═══ PROVIDED RECORDS ═══

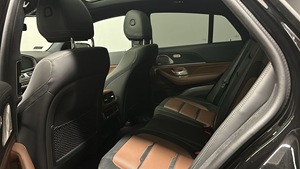 Mercedes-Benz GLE 53 AMG 2023 d'occasion, 5 places, intérieur cuir, phares LED, pneus R18, climatisation automatique, conduite à gauche, moteur diesel - Product Image 5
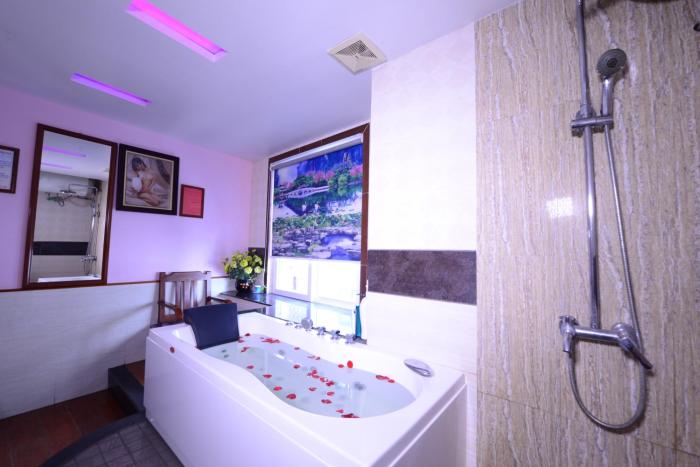 blue hanoi inn luxury hotel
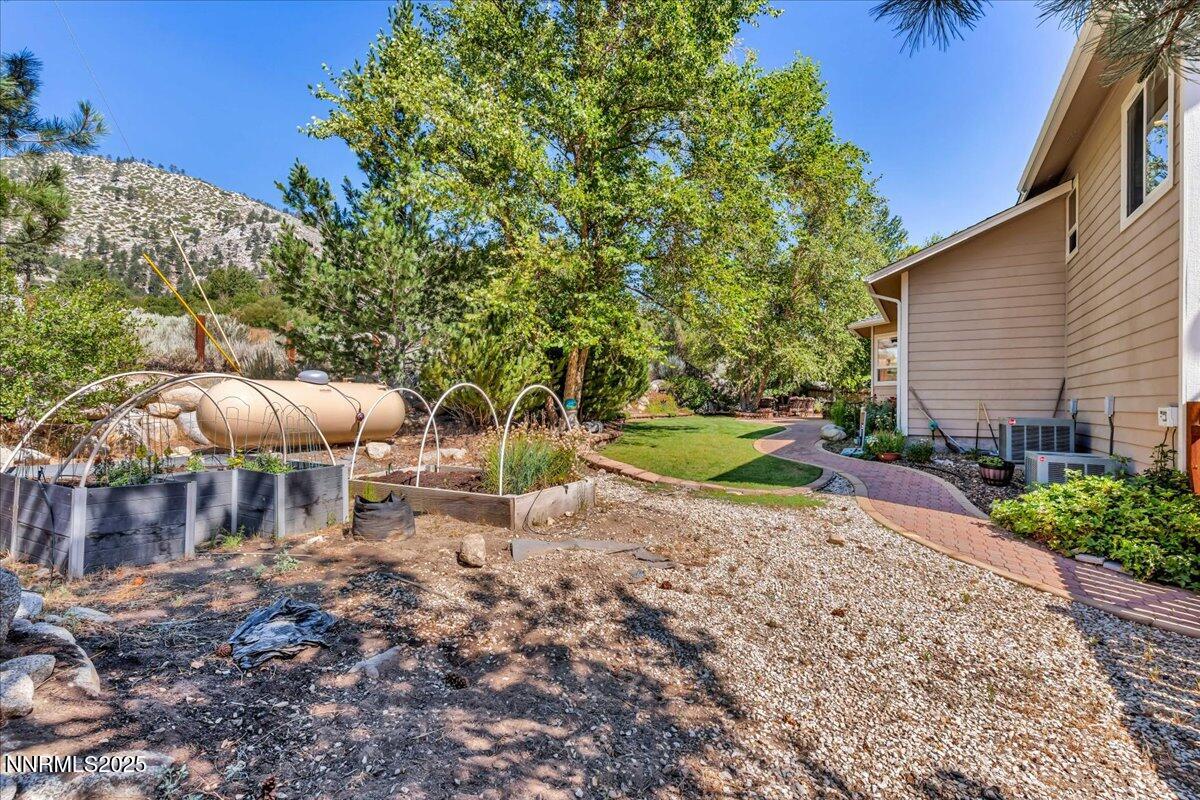 1272 Kingsbury Grade Road Gardnerville, NV 89460 - Photo 53 of 80 052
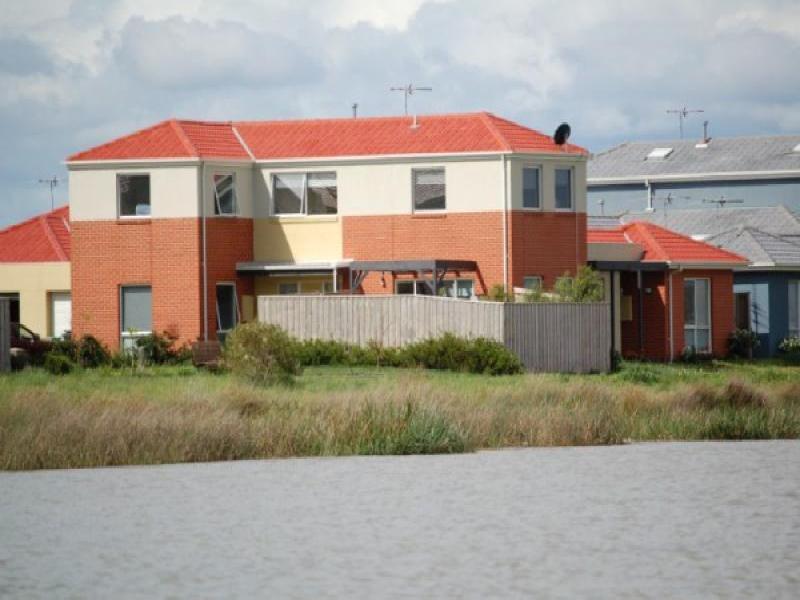 15 BRENTWOOD PLACE, Roxburgh Park VIC 3064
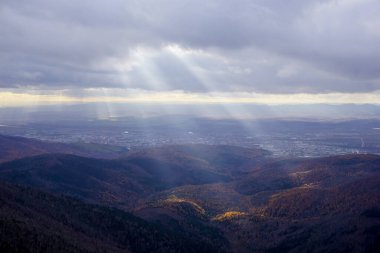 Sakhalin adasındaki Çehov Tepesi 'nde sonbaharda güzel gün batımı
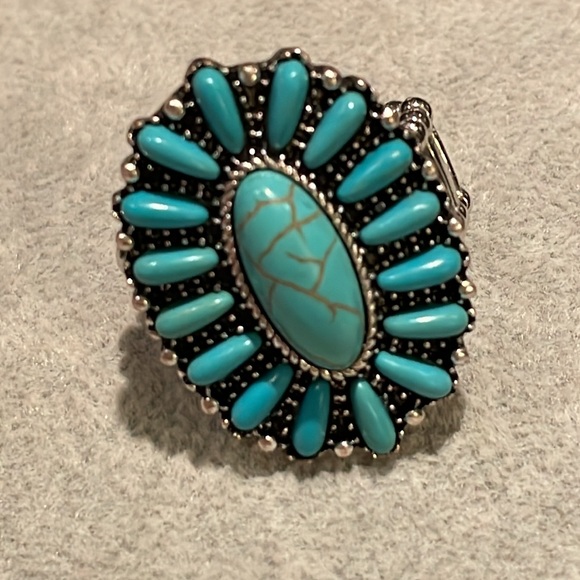 Turquoise Southwest Stretch ring Size 9-10 - Picture 2 of 6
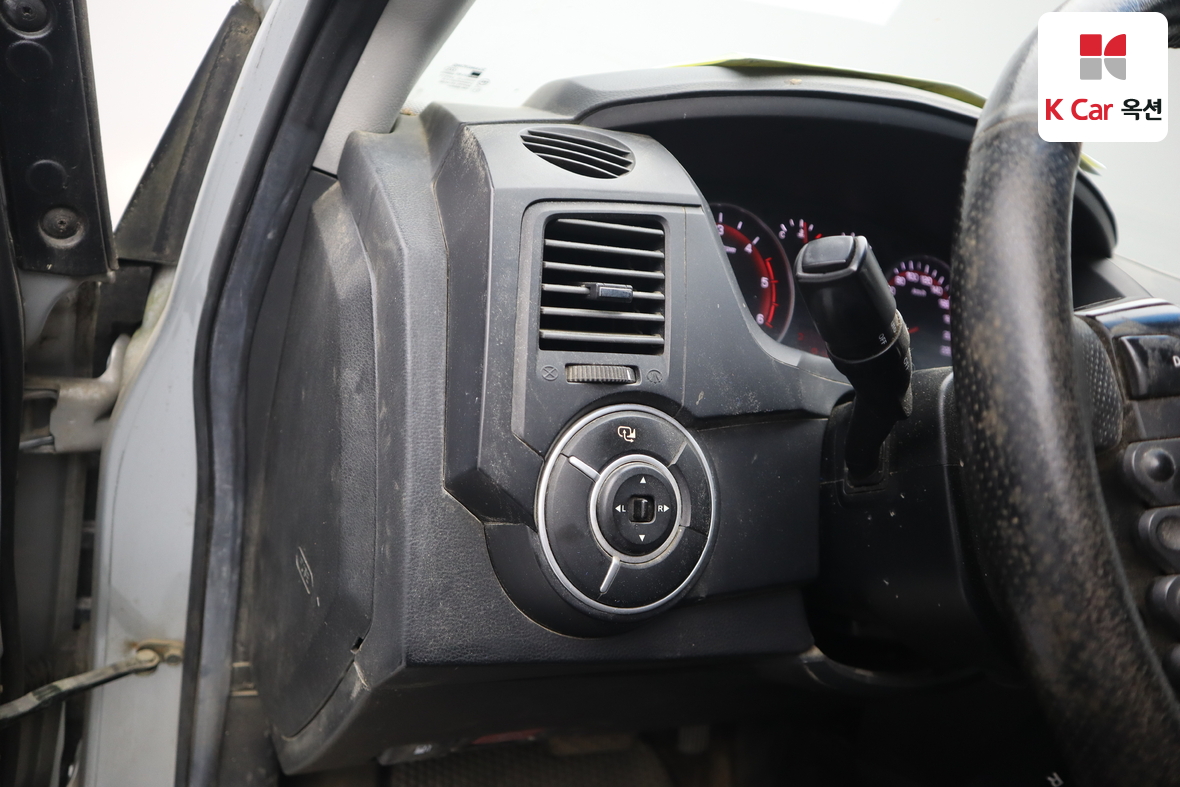 KG Mobility Korando Sports 2012 - Image 9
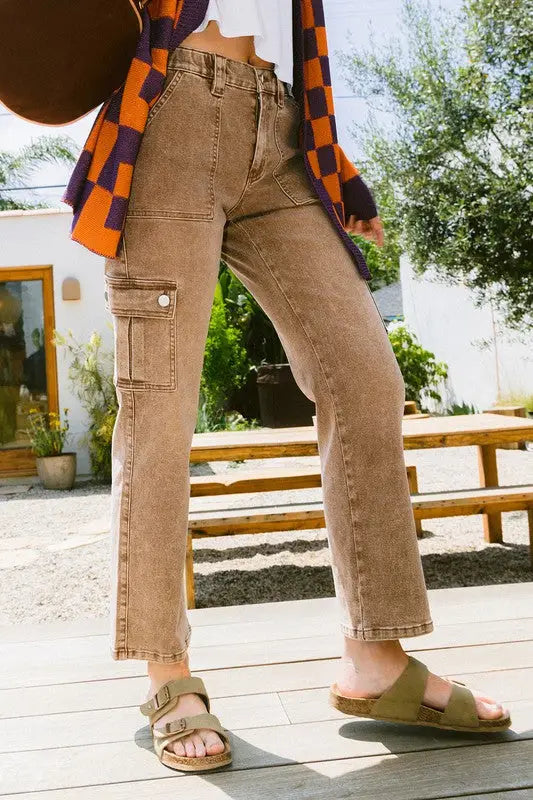 Straight Leg Jeans with Cargo Pockets - Eclectage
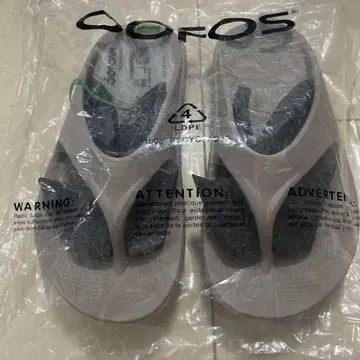 우포스 베이지 비치 샌들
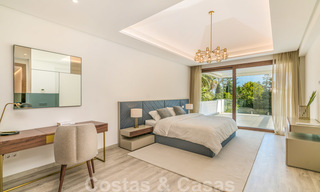 Move in ready, modern beachside villa for sale in the prestigious Guadalmina Baja in Marbella 26083 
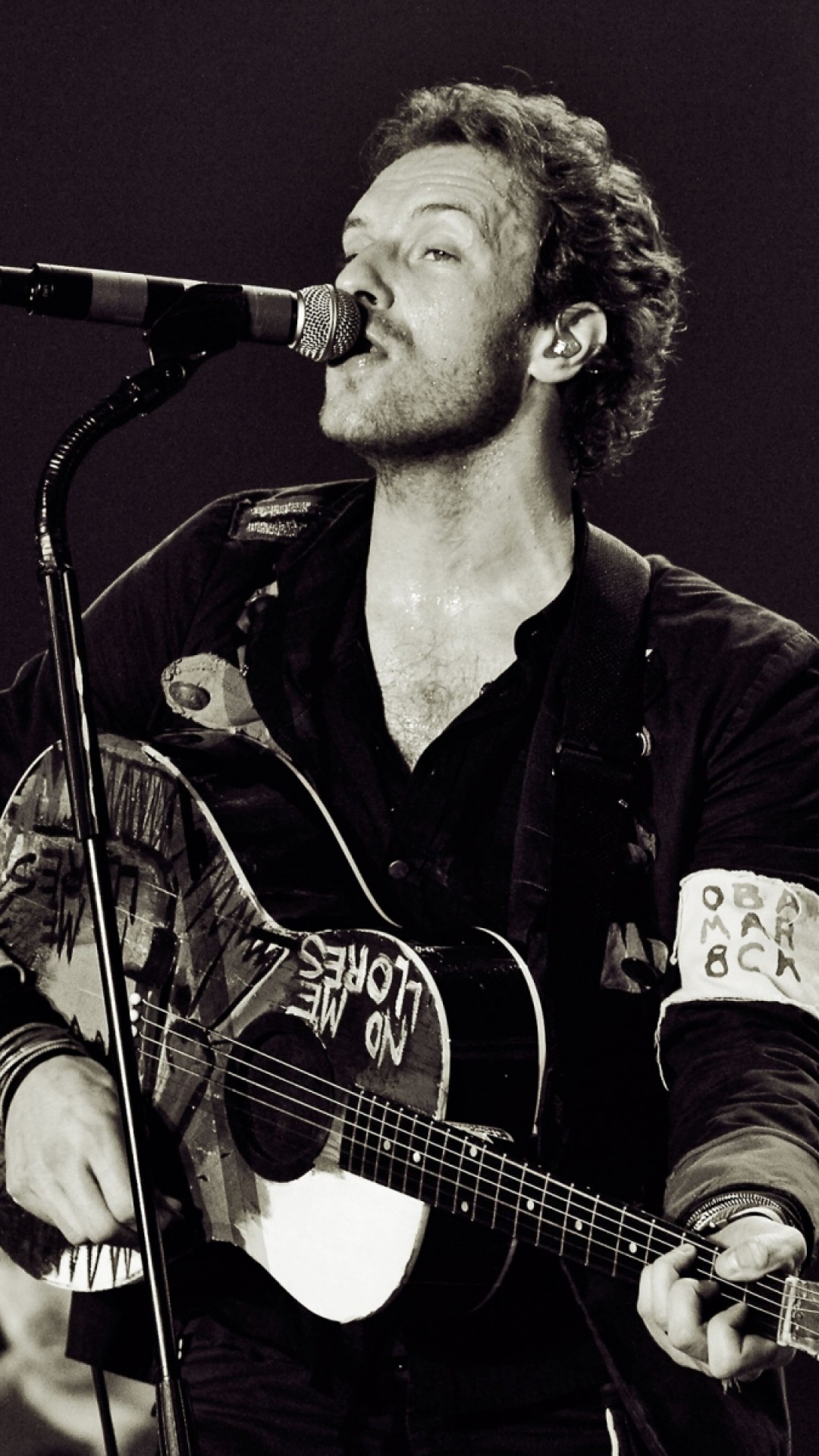 Chris Martin, Coldplay, Chitarra, Microfono, Bianco e nero, wallpaper per iPhone e Android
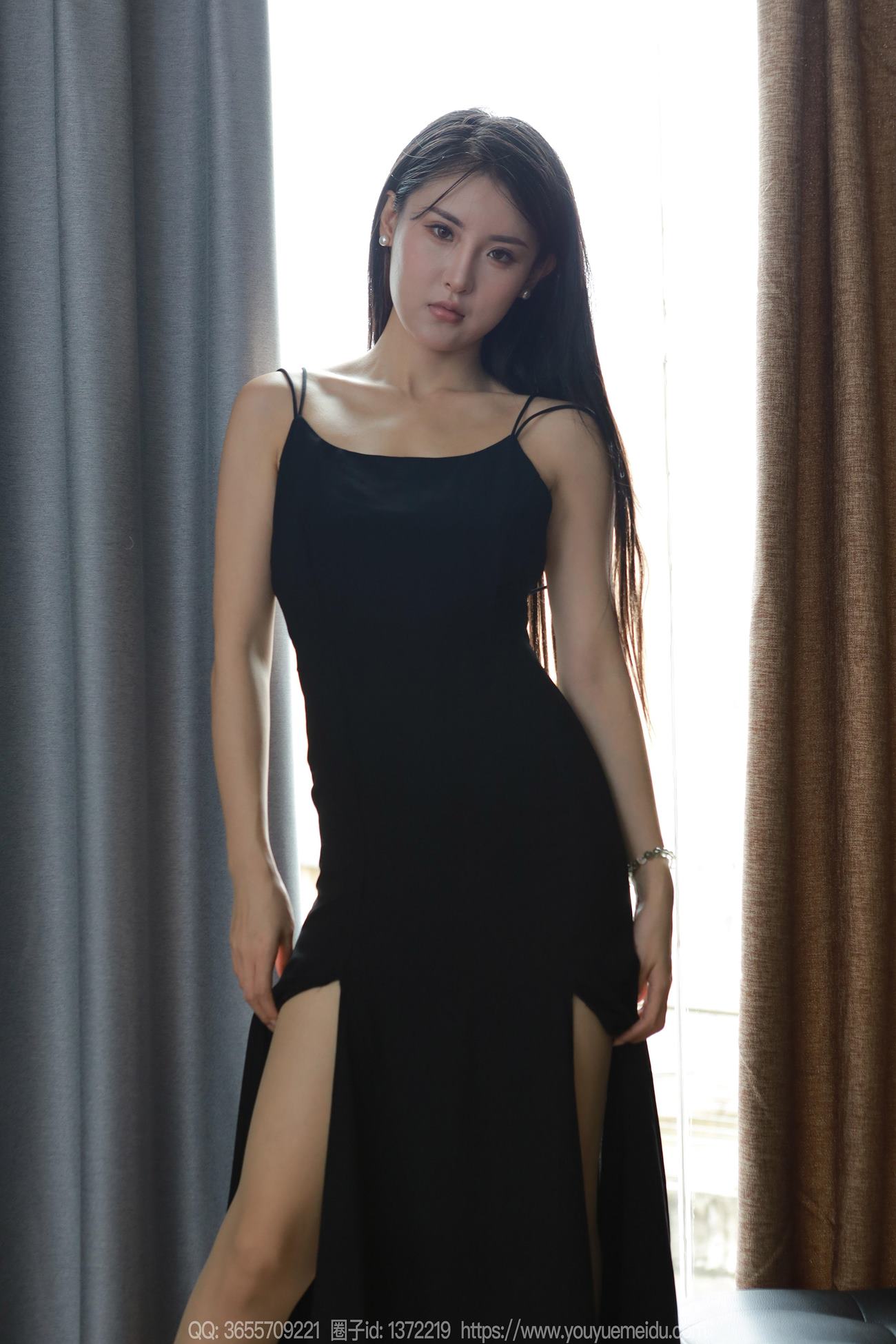 图片[1]-精选[IESS异思趣向] 2024.09.27 丝享家1857：婉萍《黑色礼裙（下）》[88P]-草丛看图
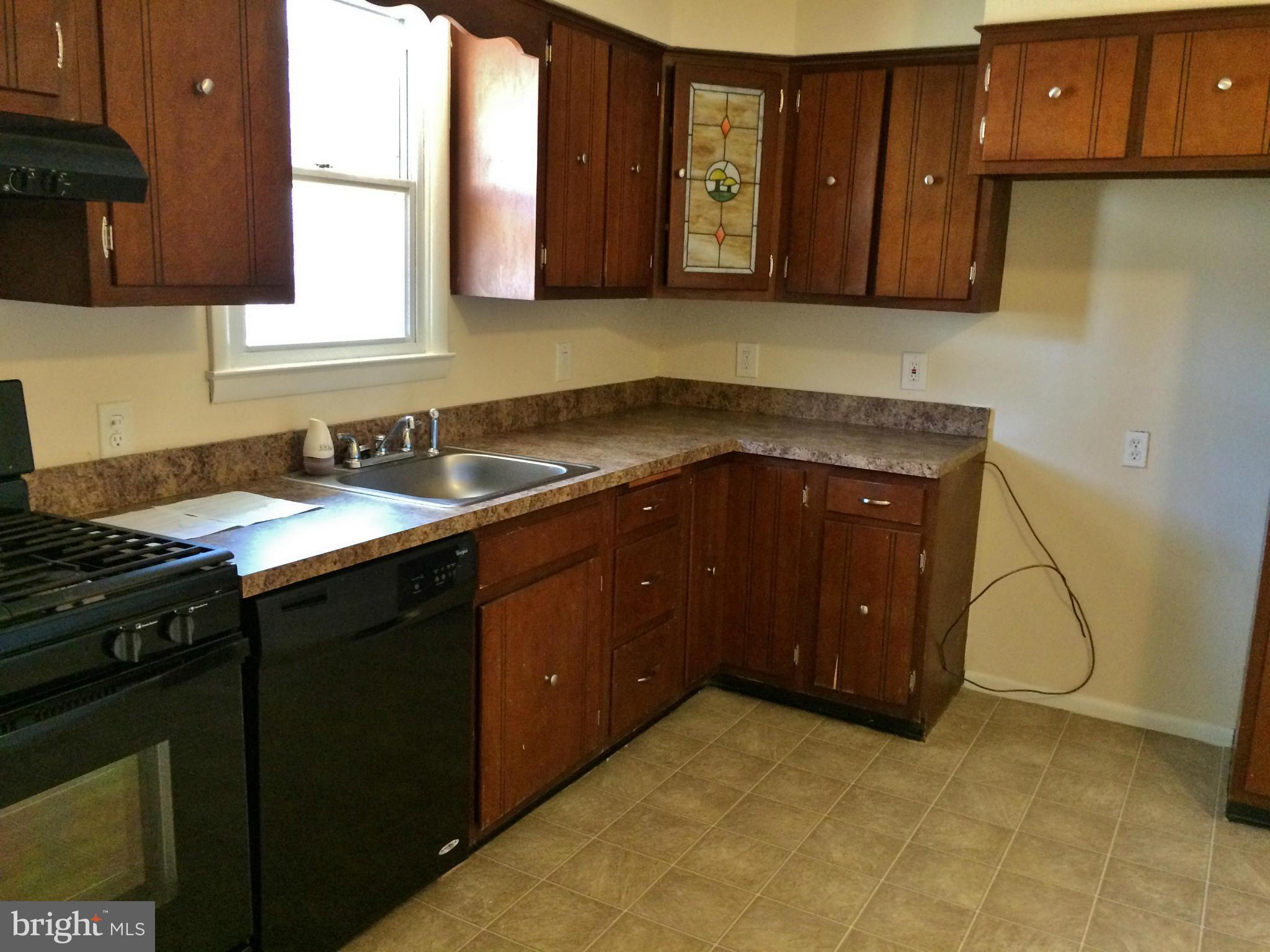 9719 Uxbridge Road Baltimore, MD 21234 - Photo 7 of 15 Kitchen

═══

The answer must consist solely of the lines from the line containing "Chris Martin, Coldplay, Chitarra, Microfono, Bianco" to the end of the data, reproduced exactly, with every picture left out.

 Chris Martin, Coldplay, Chitarra, Microfono, Bianco e nero, wallpaper per iPhone e Android
 图片[1]-精选[IESS异思趣向] 2024.09.27 丝享家1857：婉萍《黑色礼裙（下）》[88P]-草丛看图
 9719 Uxbridge Road Baltimore, MD 21234 - Photo 7 of 15 Kitchen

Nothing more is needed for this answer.